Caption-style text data
=== Section Start ===
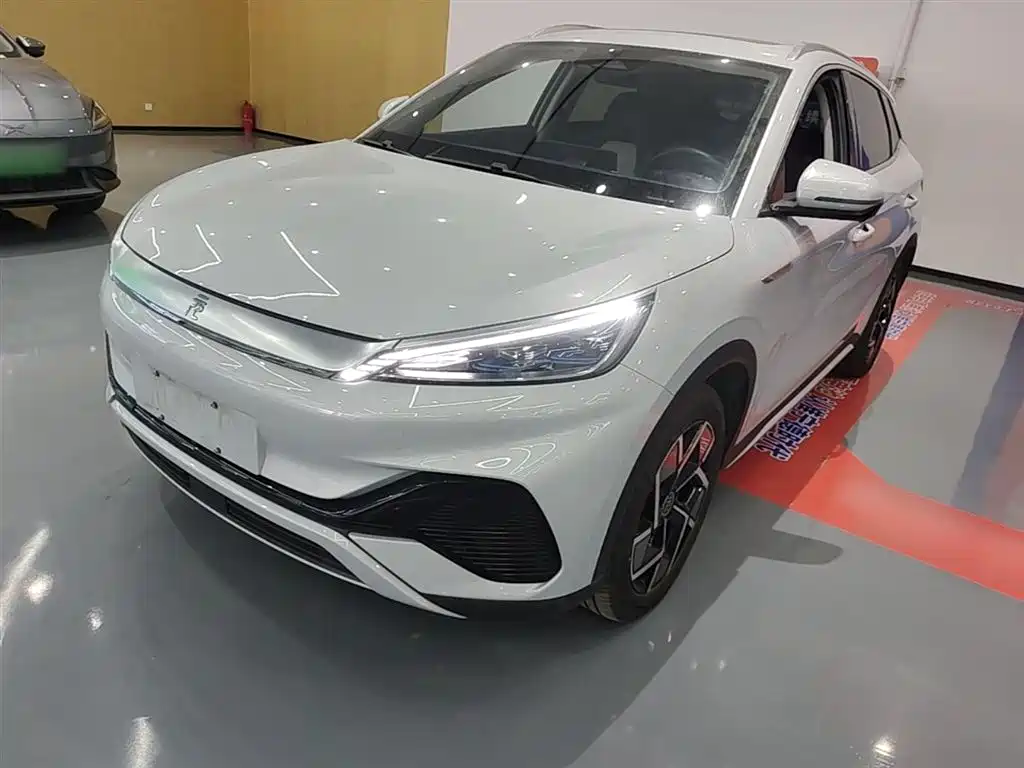 Byd Yuan Plus 2023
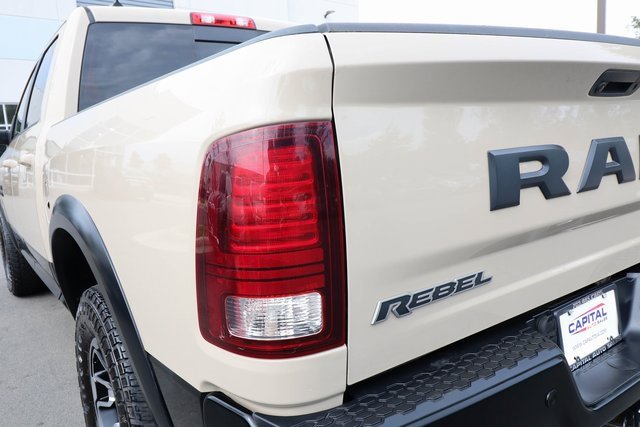 Used 2017 RAM 1500 Rebel w/ Luxury Group image 24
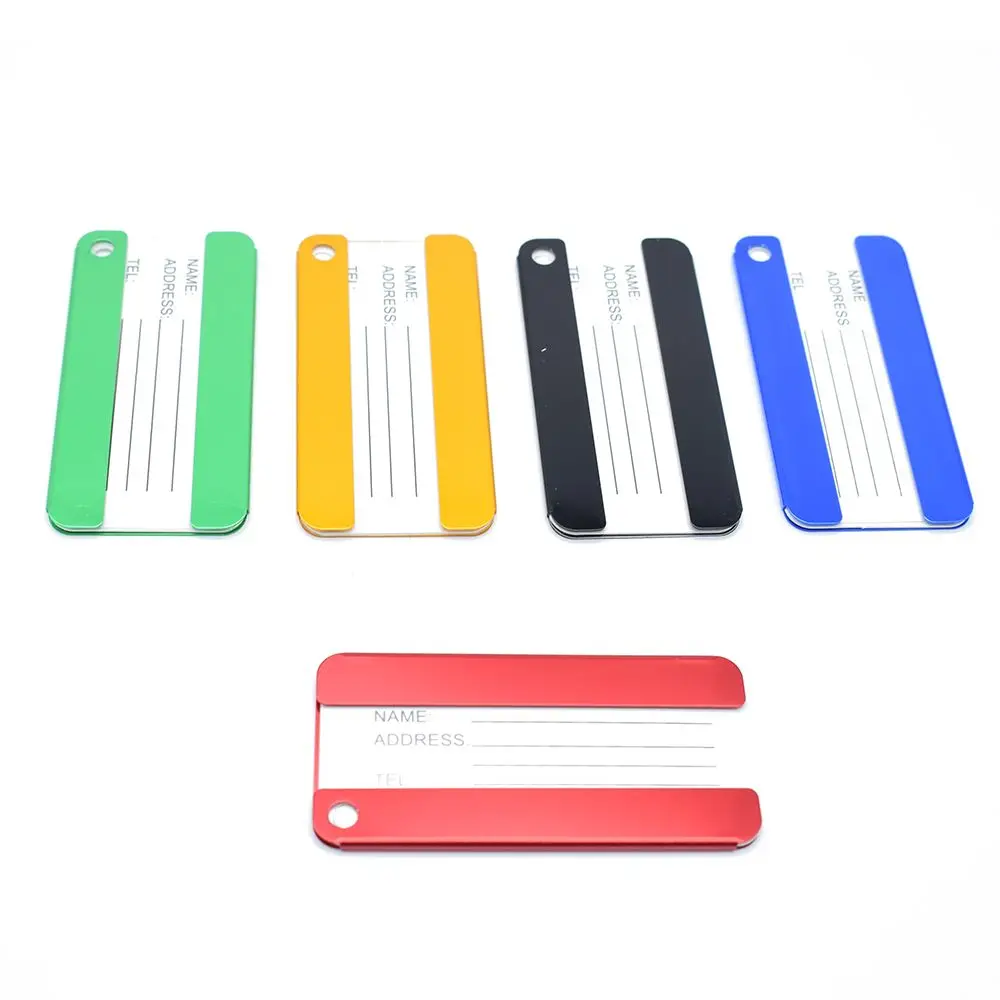 1 шт. держатель для багажа из алюминиевого сплава|Принадлежности путешествия| |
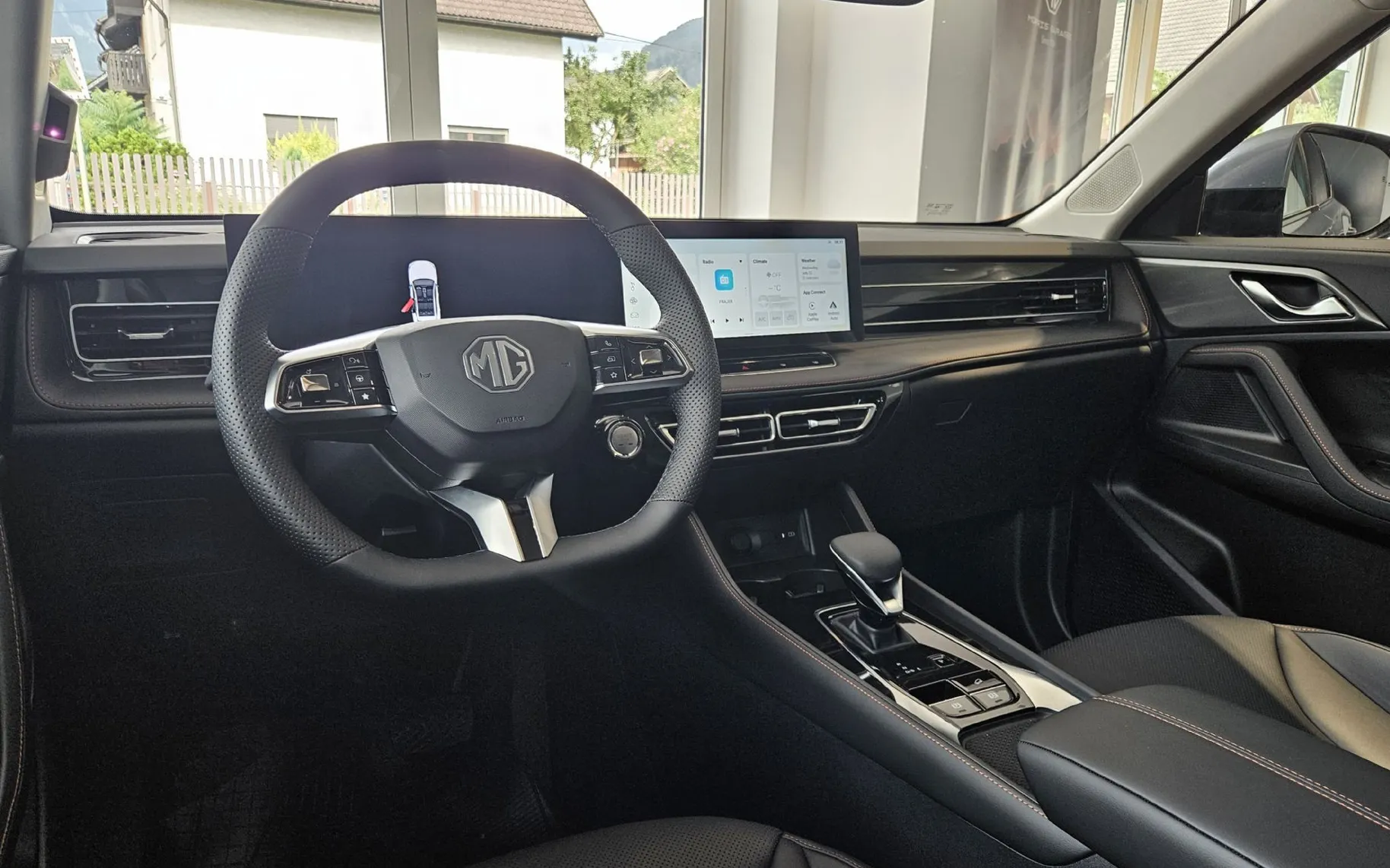 Zunanja slika - MG MG HS - HS Luxury 1.5T-GDI DCT - 8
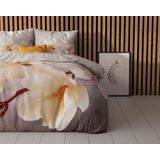 Sleeptime dekbedovertrek Isaline - microvezel - 140x220 + 60x70 cm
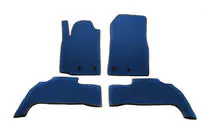 Toyota Land Cruiser 200 2007–2021 EVA automatten (2012-2021, Blauw) foto 1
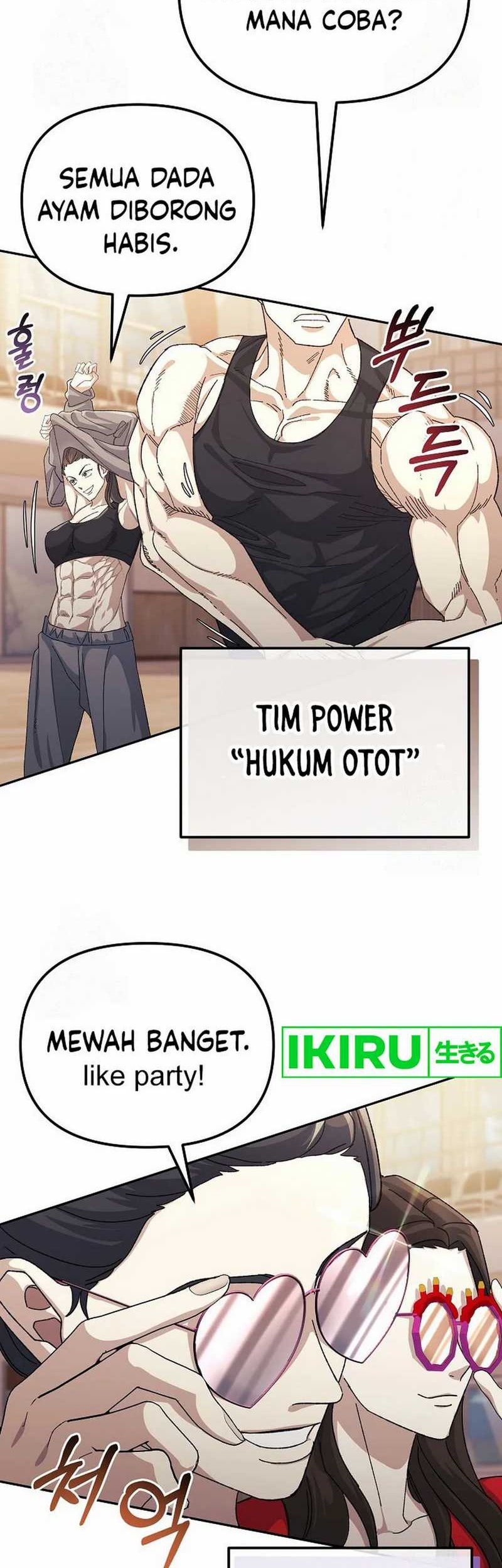 The Game’s Addict Reset chapter 16 halaman 53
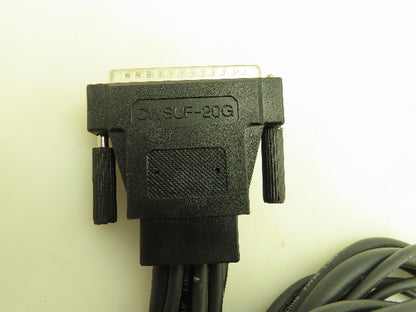 Cybex CWSUF-20G Computer Cable CWSUF SUN Keyboard Mouse VGA Video 20FT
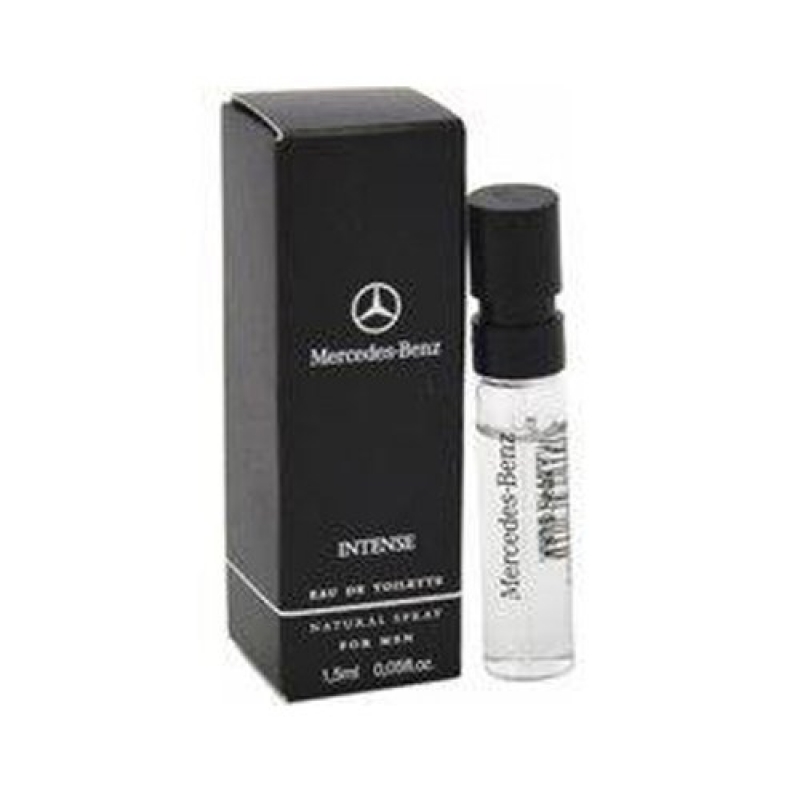 Mercedes Benz Intense Sample for men-سمپل مرسدس بنز اینتنس مردانه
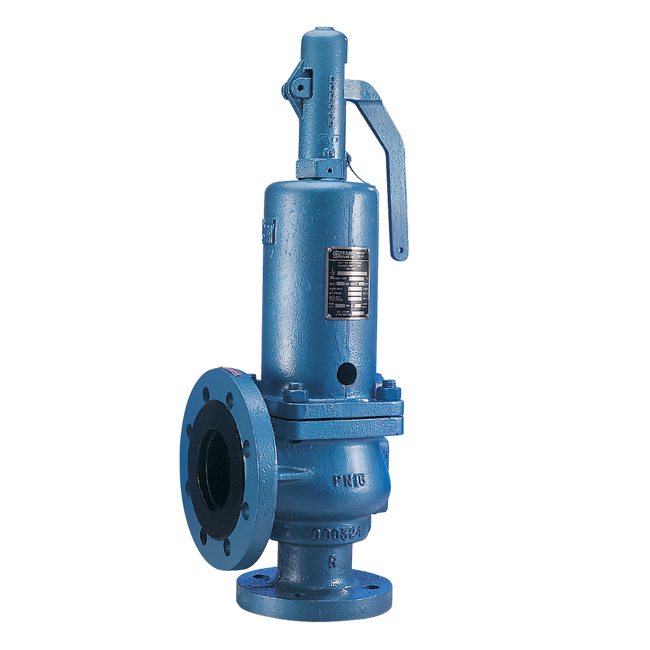 Emerson Kunkle Safety Relief Valve, Model 756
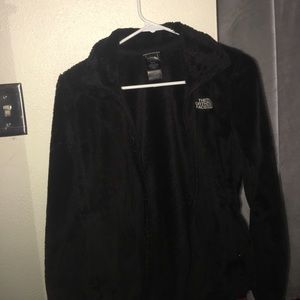 The North Face Osito Full Zip Jacket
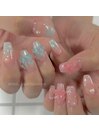 ちゅるん透けリボン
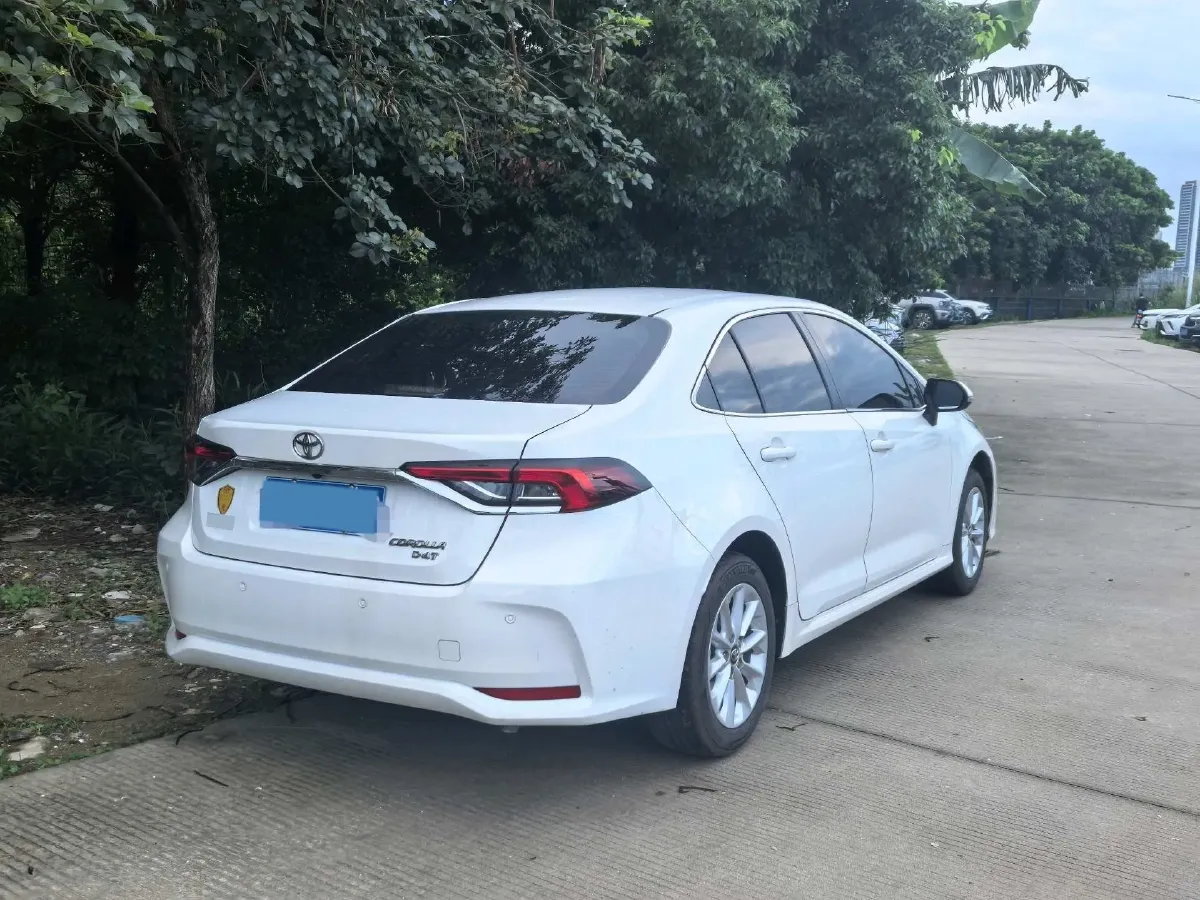 2021 Toyota Corolla 1.2T 116HP L4 CVT,autocango,china used car exporter,china ev exporter,chinese used car exporter,chinese used ev exporter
=== Section End ===
Beginning at the line that contains "Toyota Land Cruiser", retype each line of the data above through the very last one. Do not retype the pictures.

 Toyota Land Cruiser 200 2007–2021 EVA automatten (2012-2021, Blauw) foto 1
 The Game’s Addict Reset chapter 16 halaman 53
 Cybex CWSUF-20G Computer Cable CWSUF SUN Keyboard Mouse VGA Video 20FT
 Mercedes Benz Intense Sample for men-سمپل مرسدس بنز اینتنس مردانه
 Emerson Kunkle Safety Relief Valve, Model 756
 The North Face Osito Full Zip Jacket
 ちゅるん透けリボン
 2021 Toyota Corolla 1.2T 116HP L4 CVT,autocango,china used car exporter,china ev exporter,chinese used car exporter,chinese used ev exporter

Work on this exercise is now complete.